Would you print the records below word for word, without the pictures?

Supplied records:
┌────────

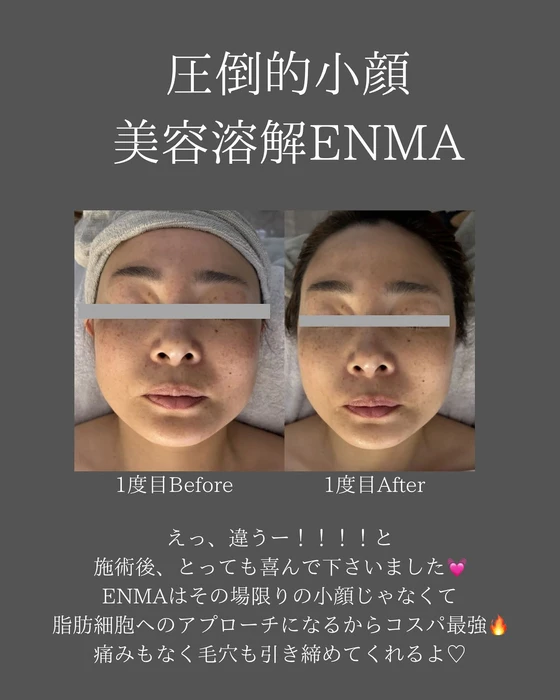 画像343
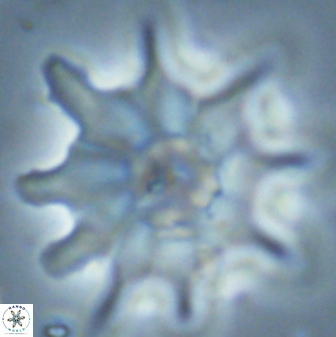 Discoaster falcatus 25147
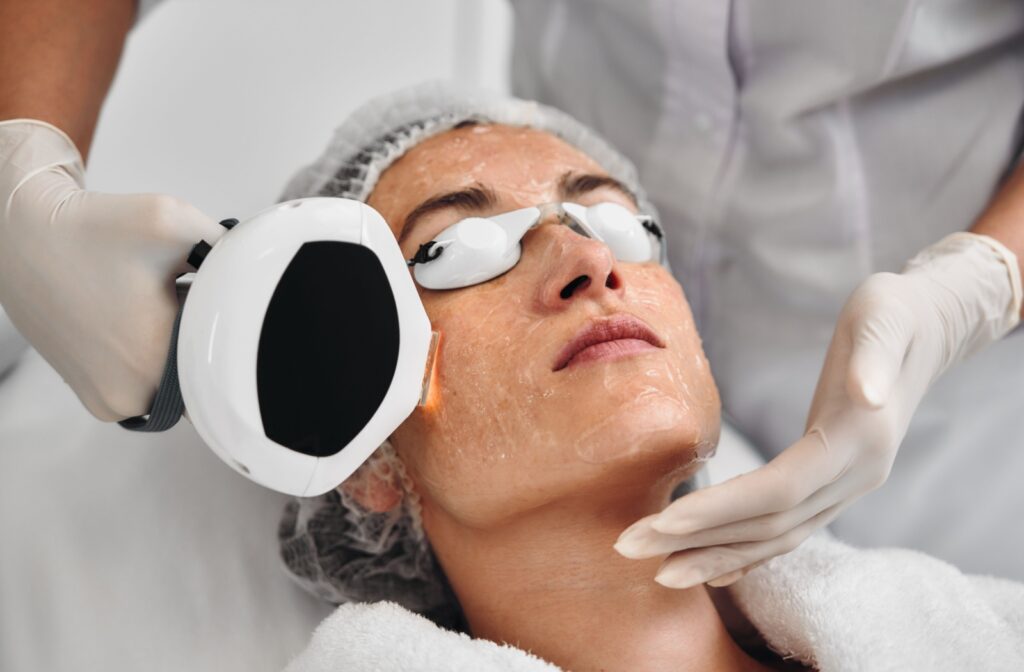 An image of an adult with cooling gel all over their face getting IPL therapy.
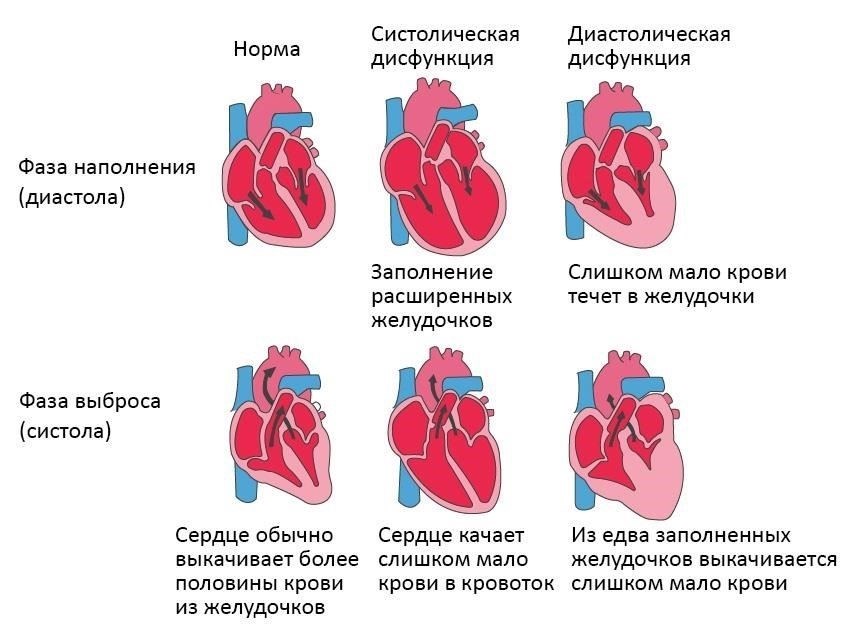 Сердечно-сосудистые заболевания, такие как тяжелая гипертония, сердечная недостаточность или аритмия, часто приводят к тому, что человеку выдается «белый билет», поскольку эти состояния представляют значительный риск при работе в физически тяжелых условиях. Хронические респираторные заболевания, такие как астма или ХОБЛ, также могут стать решающим фактором, когда физическая нагрузка, требуемая при выполнении определенных задач, превышает способность человека эффективно дышать.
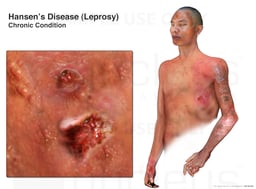 Hansen's Disease: Leprosy Chronic Condition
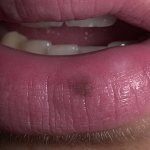 Пятна на губах доставляют эстетический дискомфорт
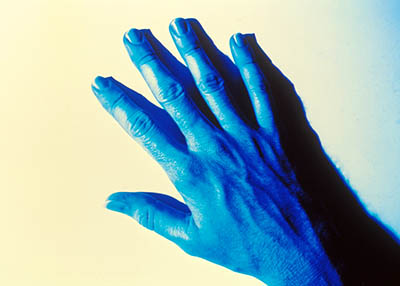 Blue hand   -   Wheaton, IL, 1979   -   Kodak Kodalith & E4 color 35mm slide film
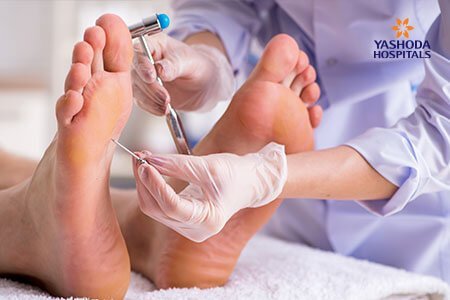 Hammer Toes Diagnosis Prevention and Treatment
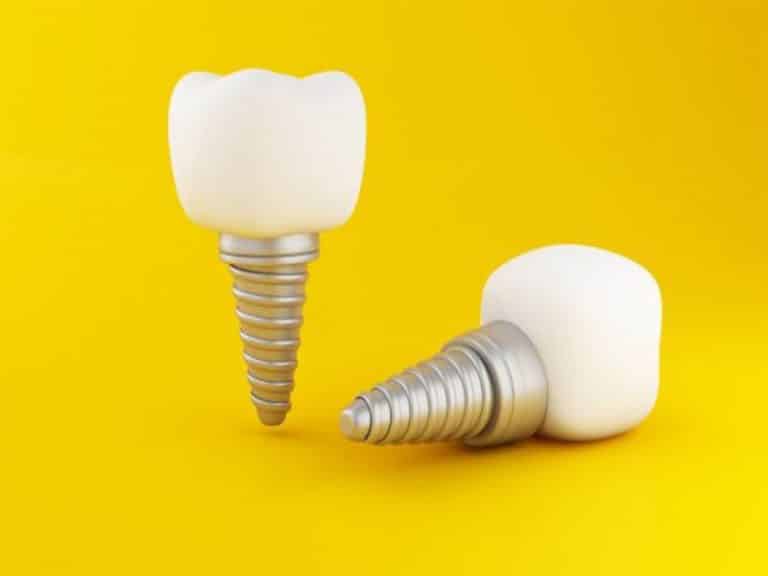 تکنیکی موثر به نام ایمپلنت اوردنچر - دکتر فرزانه فرخ نژاد دکترای دندانپزشکی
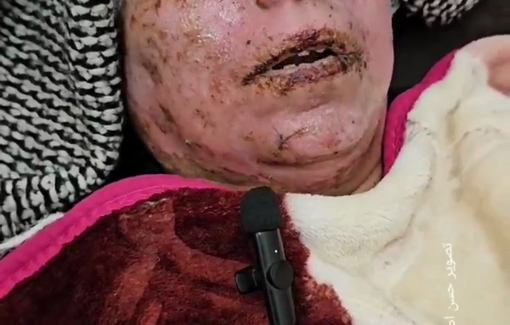 Thumbnail preview image for the video titled: Injured woman recounts a double Israeli strike on her home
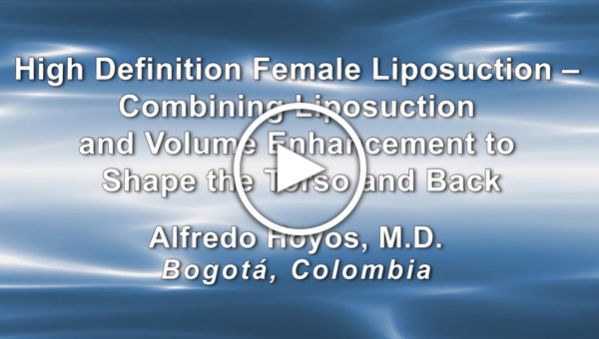 Dr. Alfredo Hoyos: High Definition Female Liposuction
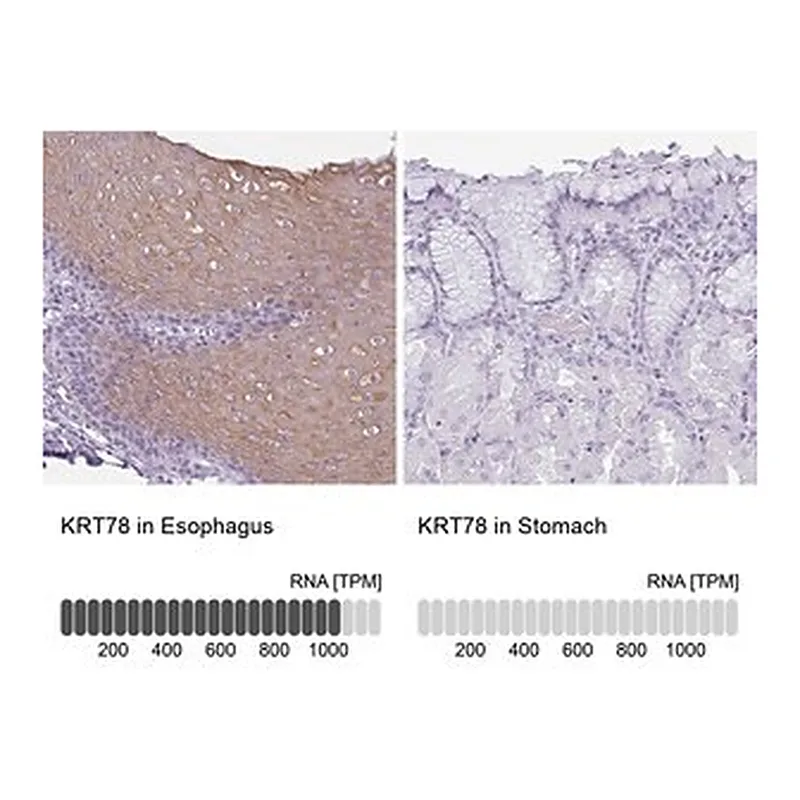 Merck Anti-KRT78 antibody produced in rabbit
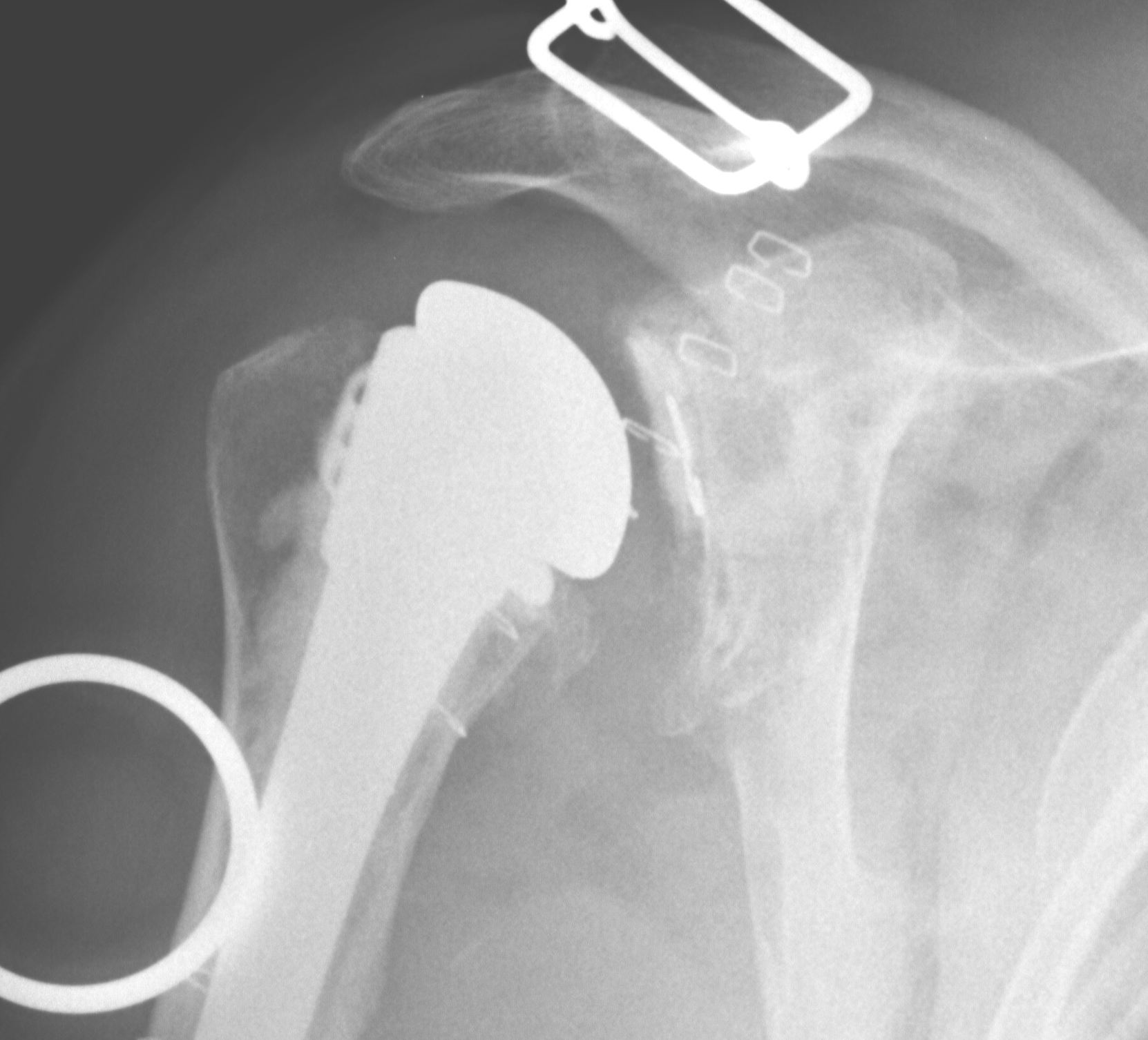 Revision Shoulder Arthroplasty 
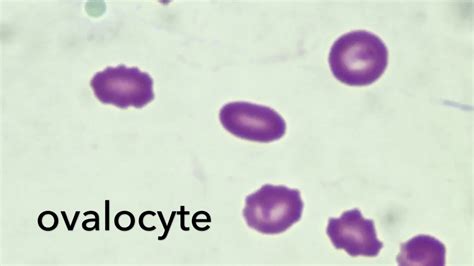 Ovalocytes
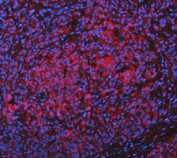 Immunofluorescent staining of FFPE human pancreas cancer tissue with Glutamic-oxaloacetic transaminase 1 antibody (red) and DAPI nuclear stain (blue). HIER: steam section in pH8 EDTA buffer for 20 min.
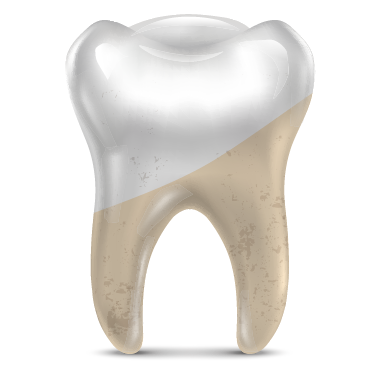 Dolgunn Ürün Görseli 1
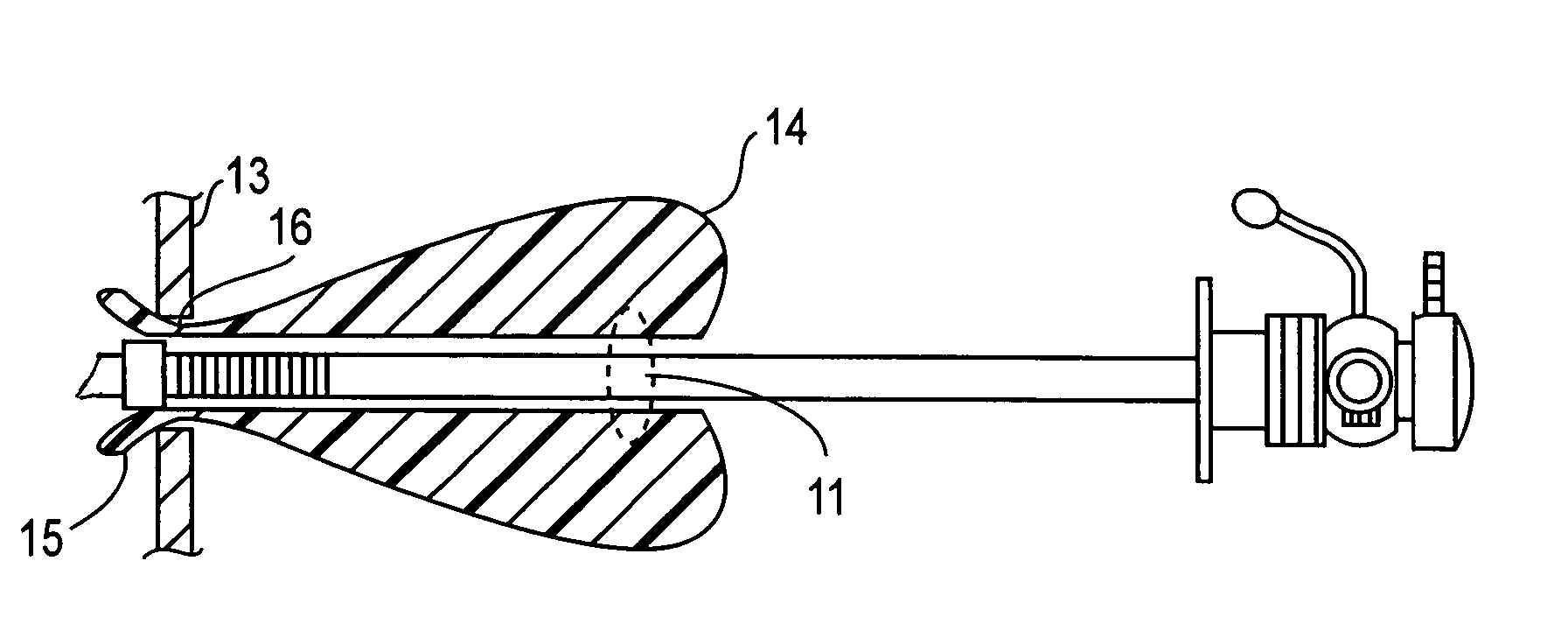 Method and system for minimizing leakage of a distending medium during endoscopic procedures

└────────

Solution below:
 画像343
 Discoaster falcatus 25147
 An image of an adult with cooling gel all over their face getting IPL therapy.
 Сердечно-сосудистые заболевания, такие как тяжелая гипертония, сердечная недостаточность или аритмия, часто приводят к тому, что человеку выдается «белый билет», поскольку эти состояния представляют значительный риск при работе в физически тяжелых условиях. Хронические респираторные заболевания, такие как астма или ХОБЛ, также могут стать решающим фактором, когда физическая нагрузка, требуемая при выполнении определенных задач, превышает способность человека эффективно дышать.
 Hansen's Disease: Leprosy Chronic Condition
 Пятна на губах доставляют эстетический дискомфорт
 Blue hand   -   Wheaton, IL, 1979   -   Kodak Kodalith & E4 color 35mm slide film
 Hammer Toes Diagnosis Prevention and Treatment
 تکنیکی موثر به نام ایمپلنت اوردنچر - دکتر فرزانه فرخ نژاد دکترای دندانپزشکی
 Thumbnail preview image for the video titled: Injured woman recounts a double Israeli strike on her home
 Dr. Alfredo Hoyos: High Definition Female Liposuction
 Merck Anti-KRT78 antibody produced in rabbit
 Revision Shoulder Arthroplasty 
 Ovalocytes
 Immunofluorescent staining of FFPE human pancreas cancer tissue with Glutamic-oxaloacetic transaminase 1 antibody (red) and DAPI nuclear stain (blue). HIER: steam section in pH8 EDTA buffer for 20 min.
 Dolgunn Ürün Görseli 1
 Method and system for minimizing leakage of a distending medium during endoscopic procedures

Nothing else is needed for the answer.